仕事が「つまらない」というのはどういう状況なのだろうか。詳しく分析すると、実は仕事を「つまらない」と感じる要因は、大きく分けて2つある。
ひとつは、その人の「適性」や「志向性」が合っていないこと。
もうひとつは、その人の「スキル」や「才能」が合っていないことだ。

個人の「志向性」が合っていなければ、その仕事も職場もつまらないし、「スキル」や「才能」がフィットしていなければ、結果が出ず、やはりつまらない。「つまらない」は、この2つの要素のいずれか、もしくは両方によって生じていることがほとんどだ。
これは、別の言い方をすると、その人の「持ち味」が活かされなければ、人は仕事や職場を「つまらない」と感じやすい、ということでもある。
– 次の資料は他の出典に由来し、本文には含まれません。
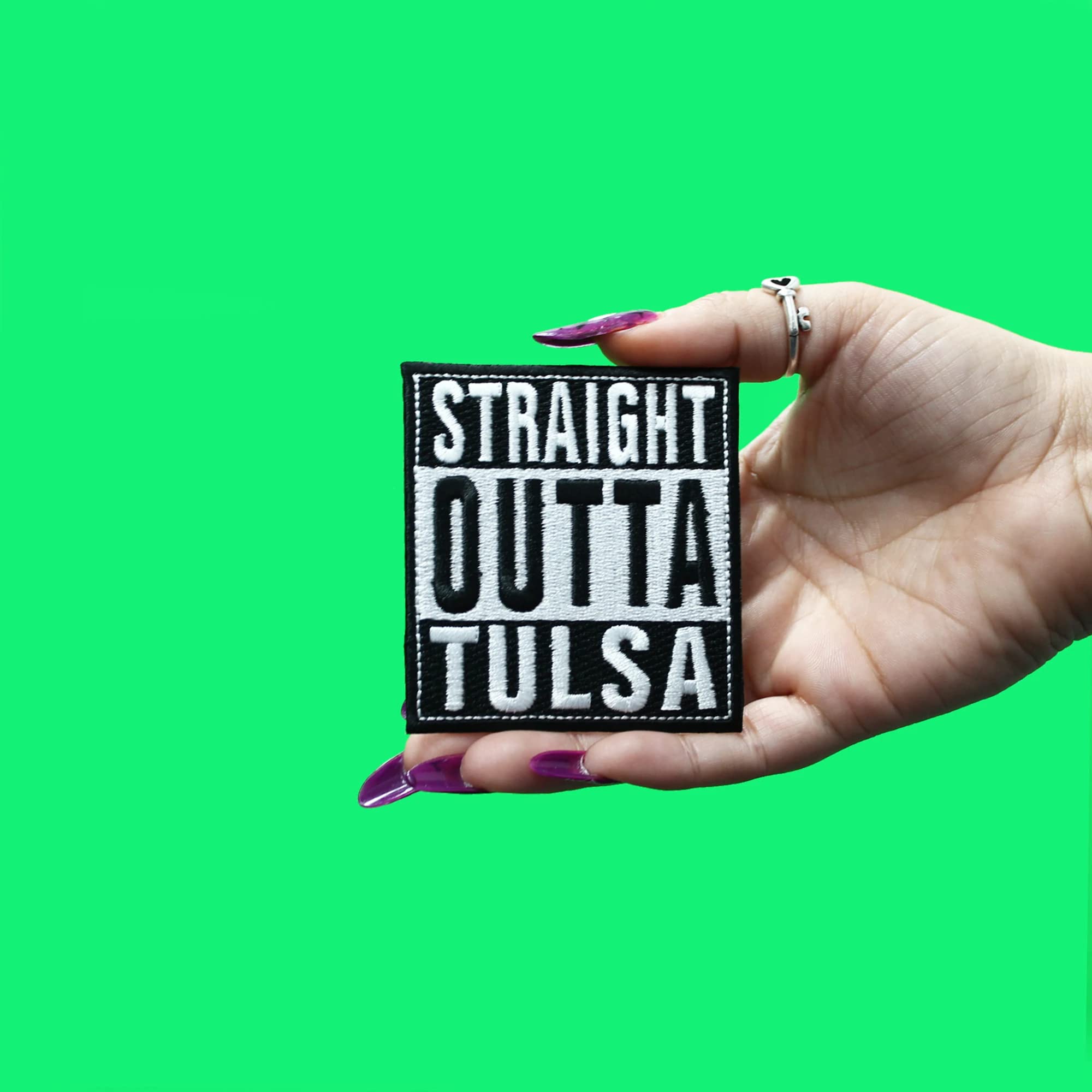 Straight Outta Tulsa Embroidered Iron On Patch - Premium Quality for Jackets, Hats, Bags & DIY Crafts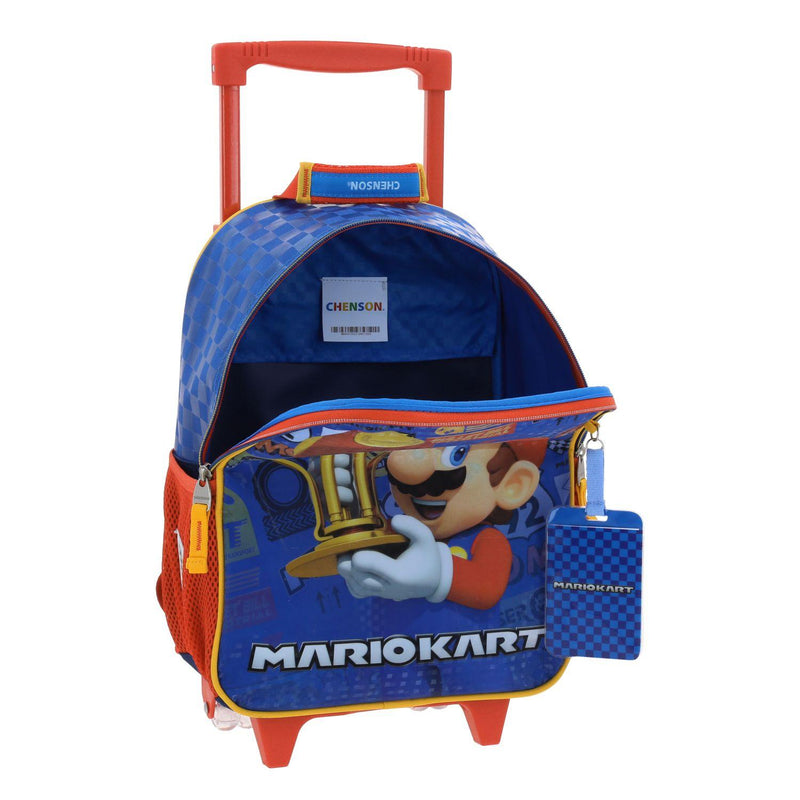 Mochila Con Ruedas Azul Mario Bros Chica Para Niño Chenson Veloz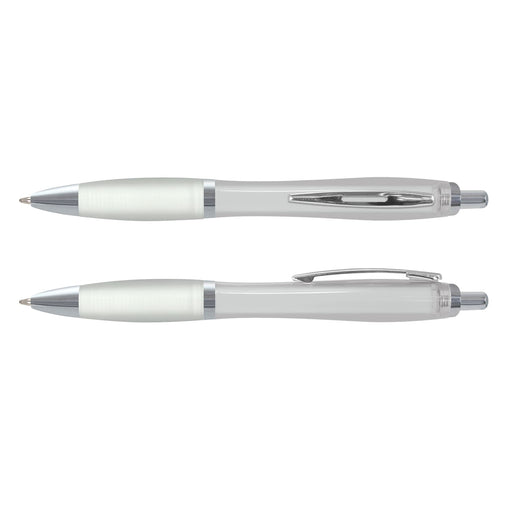 Vistro Pen - Translucent - A plastic pen featuring a translucent design with a silver accent and a comfortable grip.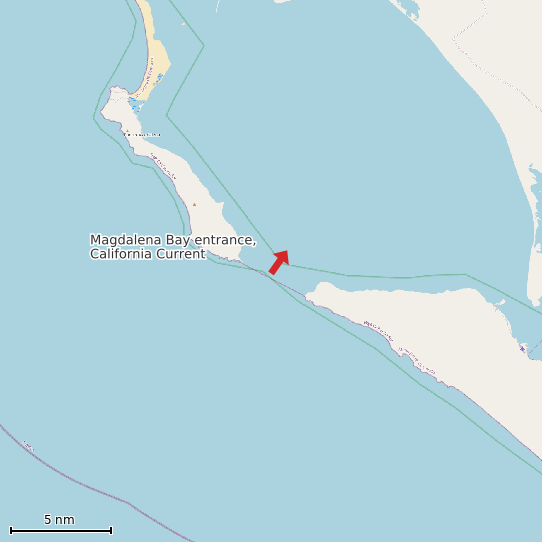 Map of Magdalena Bay entrance, California Current Prediction Station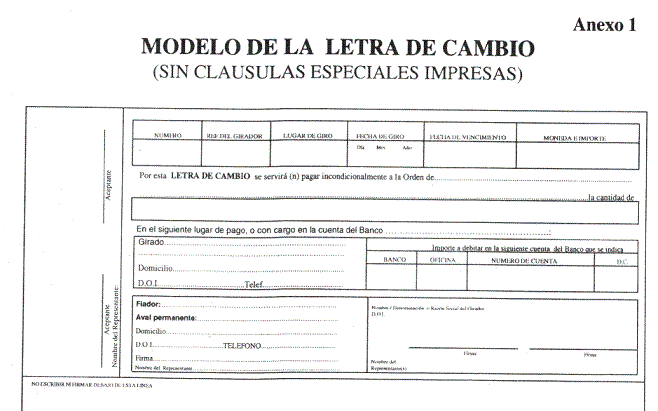 Modelo de letra de cambio - Imagui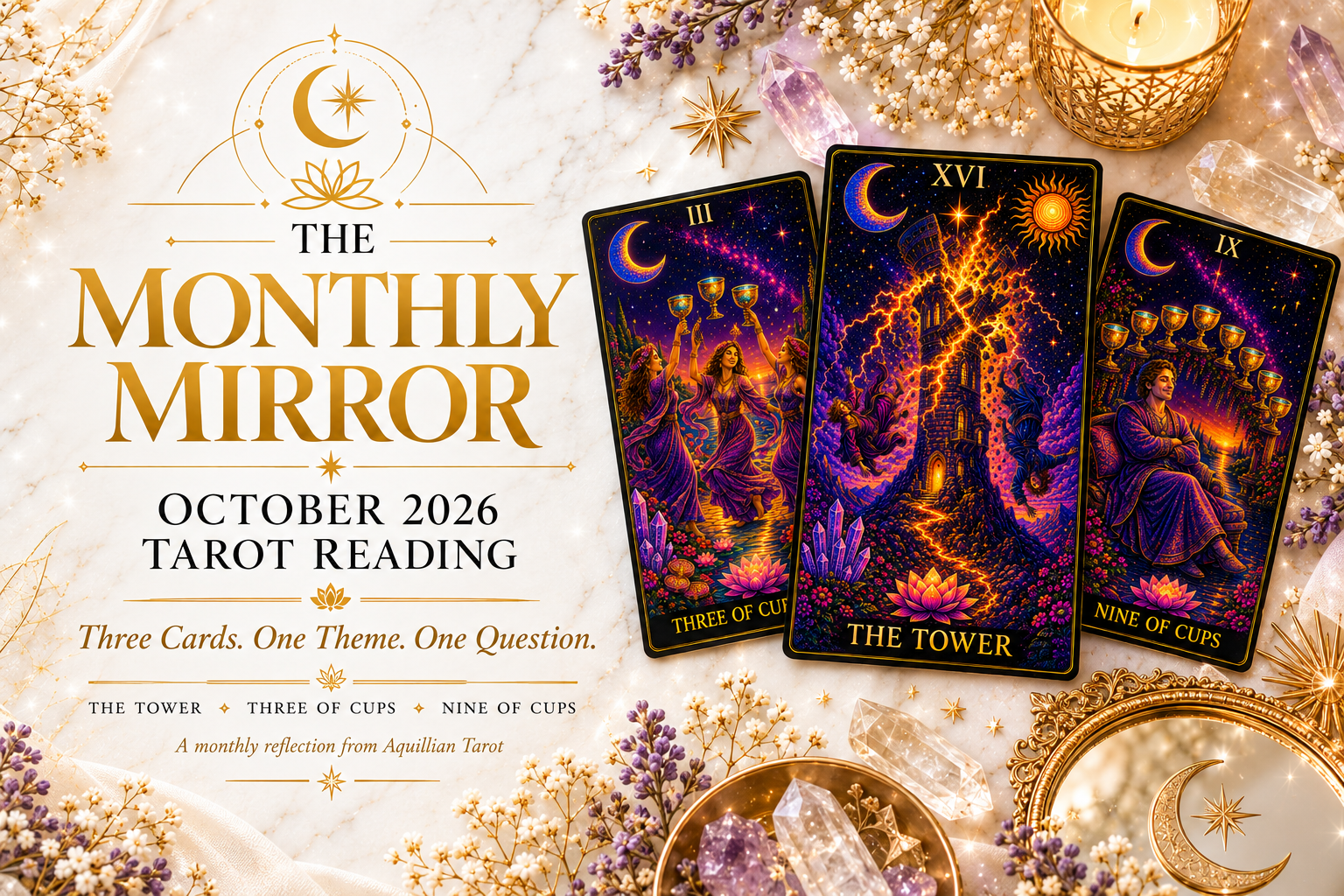 October 2026 Tarot Reading: The Monthly Mirror, Aquillian Tarot                                                                                    Three Cards. One Theme. One Question.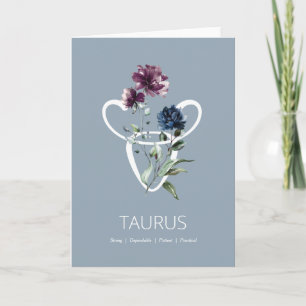 Taurus Zodiac Stjärntecken Birthday Card Kort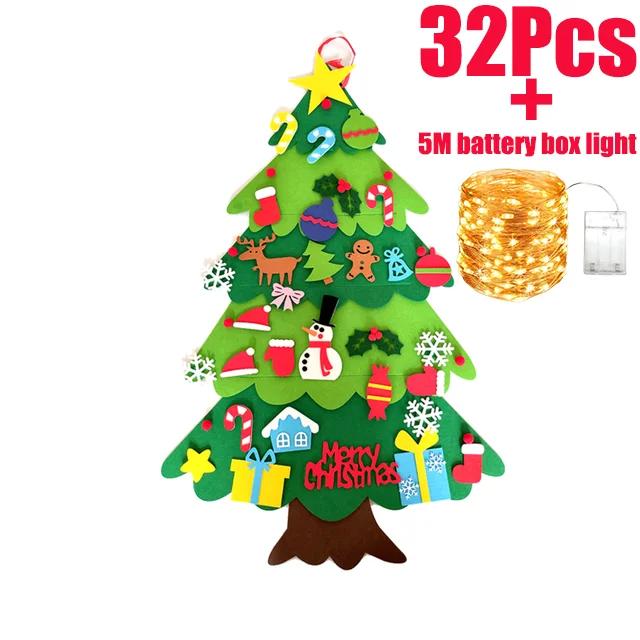 DIY Felt Christmas Tree Set With Ornaments Plus For Home Wall Hanging Felt Christmas Craft Kits Xmas Decoration Party Gifts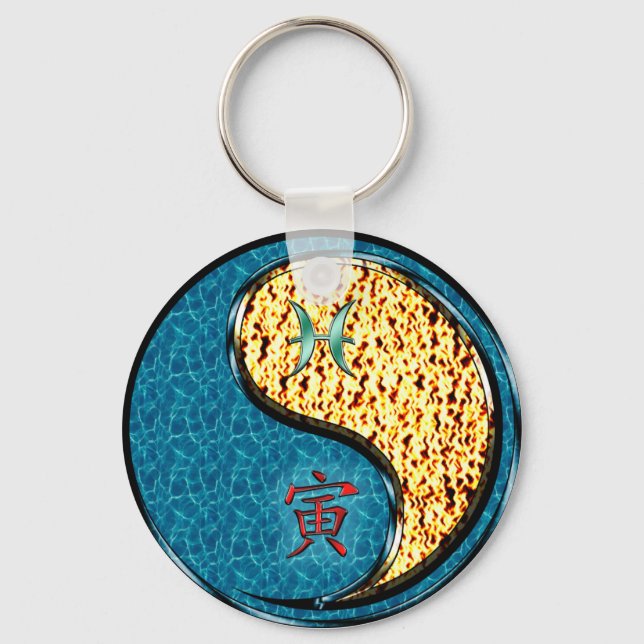 Pisces & Fire Tiger Schlüsselanhänger (Vorderseite)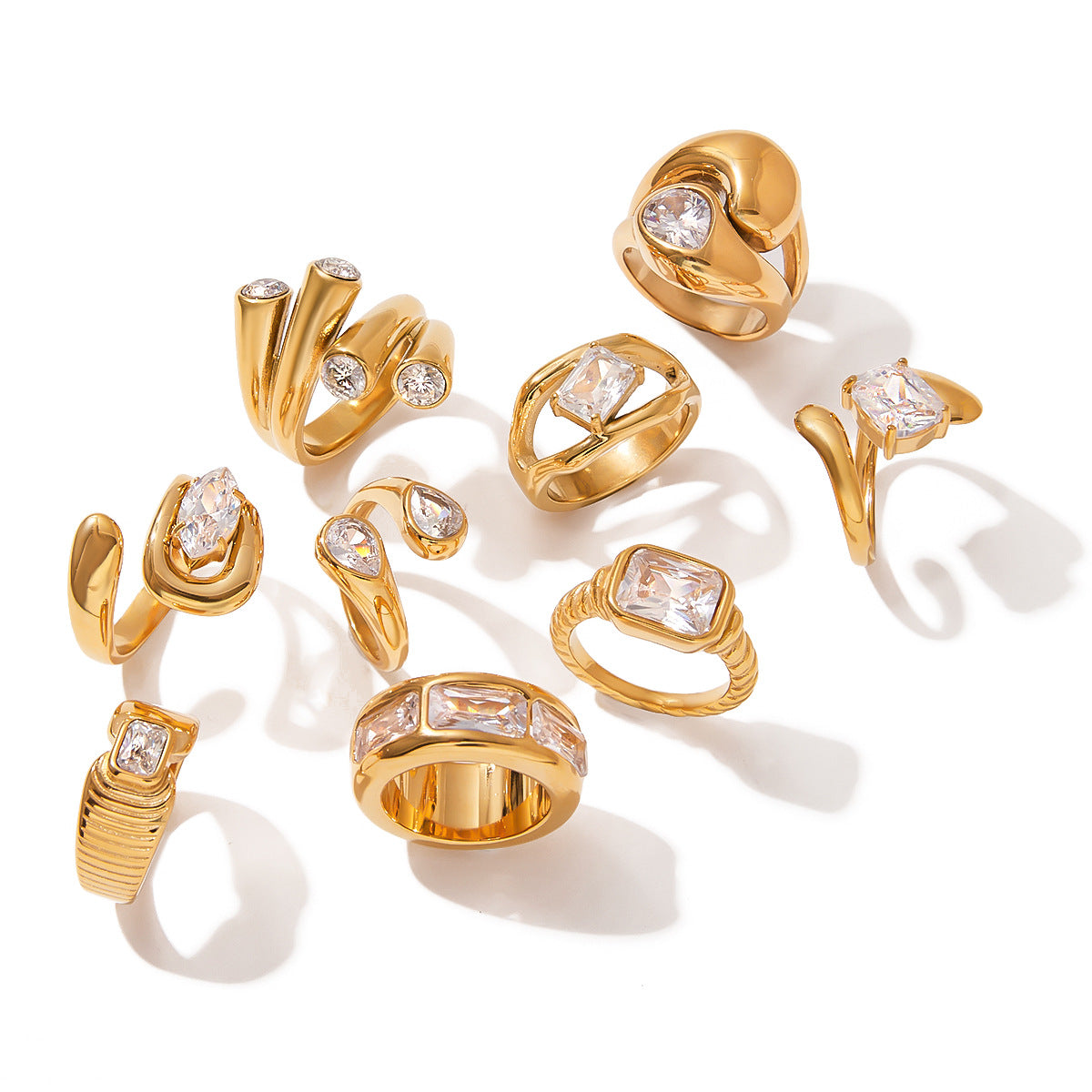 Jie Ding Zircon Ring Titanium Steel Jewelry Stainless Steel Rings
だが、このような個人と組織の価値観の接点に着目し、個人の「イズム」を発揮させようと考えている企業はまだまだ少ない。さらに、そのための施策を実践している企業はもっと少ない。
だからこそ、「仕事がつまらない」と感じる人が多いのである。

第2章 自分の「持ち味」、組織の「らしさ」

個人にさまざまな持ち味があるように、組織にもそれぞれの考え方や重視している価値観、固有の雰囲気などがある。私たちはこれを組織の「らしさ」と読んでいる。

個人の持ち味が志向性とスキルに大別でき、それぞれに多彩な要素が含まれているように、組織のらしさもさまざまな要素から構成されている。
たとえば、その組織では、個々人の業績だけを問うのか、それともプロセスの質も問うのか。あるいは、リーダーシップの発揮が良しとされるのか、皆でフラットに助け合うチームプレーが求められるのか。また、個人を尊重したさっぱりとした付き合い方が奨励されているのか、和気あいあいと交流し合う雰囲気なのか....。
「なんとなく働きにくい」「つまらない」「合わない気がする」という場合は、こうした組織のらしさと、自分の持ち味の接点が見つけられていないことが多い。
組織のらしさが分かれば、自分の側から「どこが重なるか」という視点で組織に近づくことができる。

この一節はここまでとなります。